Wie sich Frauen im 17. und 18. Jahrhundert der Ressource „Religiosität“ bedienten und welche Rolle spirituelle Praktiken in ihrem Alltag spielten, gehört zu den bislang kaum beachteten Fragen der kirchenhistorischen Forschung.
Sr. Anna Elisabeth Rifeser versucht in dieser kulturpraxeologischen und dezidiert gendersensibel ausgerichteten Mikrostudie dieses Forschungsdesiderat aufzugreifen und eruiert mithilfe von symboltheoretischen, sozialgeschichtlichen, netzwerktheoretischen und historisch-theologischen Methoden die Frömmigkeitskultur der Tertiarinnen von Brixen und ihrer Gründerin, Maria Hueber (1653–1705), sowie zweier weiterer Gemeinschaften in Bozen und Kaltern. Beleuchtet werden dabei die institutionellen Praktiken, welche die Schwestern zur Schaffung eines neuen Typus von Ordensleben motivierten. Anschließend erfolgt eine gendersensible Analyse der Beziehungsverflechtungen um Hueber, die den bislang kaum beachteten Beitrag von adeligen Frauen („Matroninnen“) beleuchtet. Zuletzt widmet sich dieses Werk der Jesuskind-Verehrung in diesen Gemeinschaften und bietet eine innovative Deutung dieser Frömmigkeitsform auf der Basis Michel de Certeaus, mit der aufgezeigt wird, dass die Statuetten als realpräsente Darstellung Jesu vielfältige Interaktionsmöglichkeiten und nicht zuletzt ein Emanzipationspotenzial boten.

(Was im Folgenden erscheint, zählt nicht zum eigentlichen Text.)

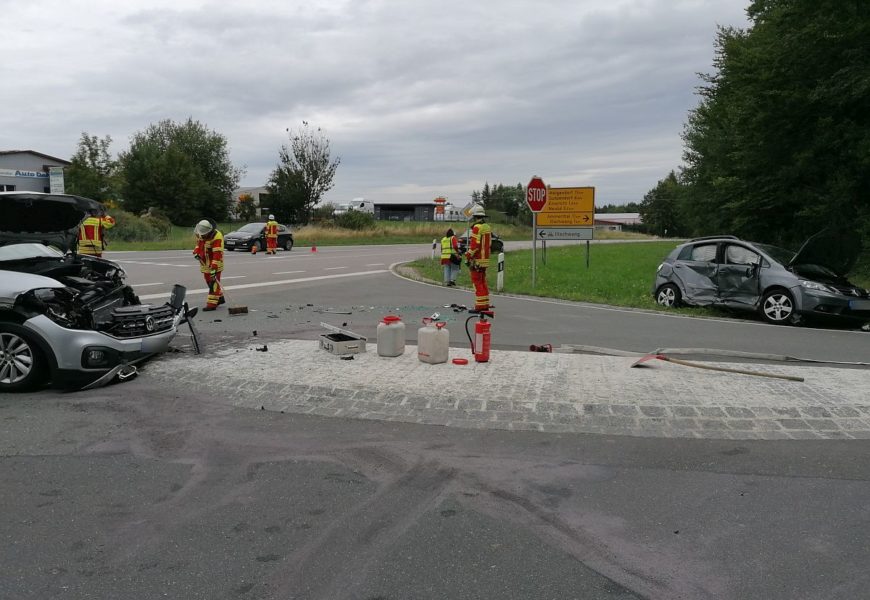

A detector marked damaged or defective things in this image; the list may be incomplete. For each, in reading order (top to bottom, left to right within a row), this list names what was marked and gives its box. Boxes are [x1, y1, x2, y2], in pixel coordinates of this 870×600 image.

broken car hood [0, 192, 105, 253]
damaged gray car [0, 190, 192, 392]
damaged silver vw [0, 190, 192, 392]
damaged gray car [656, 230, 870, 326]
damaged silver vw [656, 230, 870, 326]
broken car hood [792, 229, 864, 278] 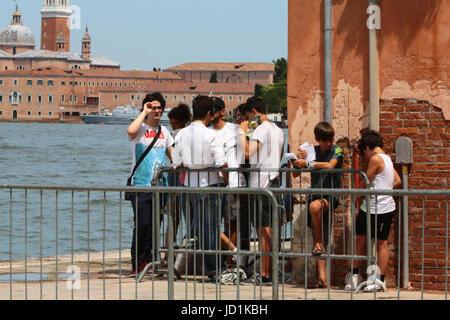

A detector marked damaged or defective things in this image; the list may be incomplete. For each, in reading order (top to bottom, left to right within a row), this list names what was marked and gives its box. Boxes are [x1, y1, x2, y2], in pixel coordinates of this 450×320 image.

peeling plaster wall [288, 0, 450, 148]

Ersichtlich wird, dass sich das Frömmigkeitssystem zwischen den Polen Verflechtung und Emanzipation bewegte, sämtliche Bereiche des Lebens durchwob und vielfältige kommunikative und spirituelle Ressourcen bereitstellte.
Über den Autor
Sr. Anna Elisabeth (Elisabeth) Rifeser (geb. 1987) studierte von 2007 bis 2011 in Graz Fachtheologie und erhielt für ihre Diplomarbeit über die spätmittelalterliche Brautmystik den Elisabeth-Gössmann-Förderpreis für herausragende Leistungen in der Frauen- und Geschlechterforschung. 2012 trat sie in die Kongregation der Tertiarschwestern des hl. Franziskus ein. Nach dem zweijährigen Noviziat begann sie das Doktoratsstudium an der Kath.-Theol. Fakultät in Innsbruck. 2018 wurde sie mit der vorliegenden Dissertation promoviert. Derzeit vertritt sie den Lehrstuhl für Kirchengeschichte am Fachbereich Katholische Theologie der Johann Wolfgang Goethe-Universität Frankfurt am Main. Ihre Forschungsinteressen sind die frühneuzeitliche Konfessionskultur, die Jesuskind-Verehrung, Mystik und Ordensleben.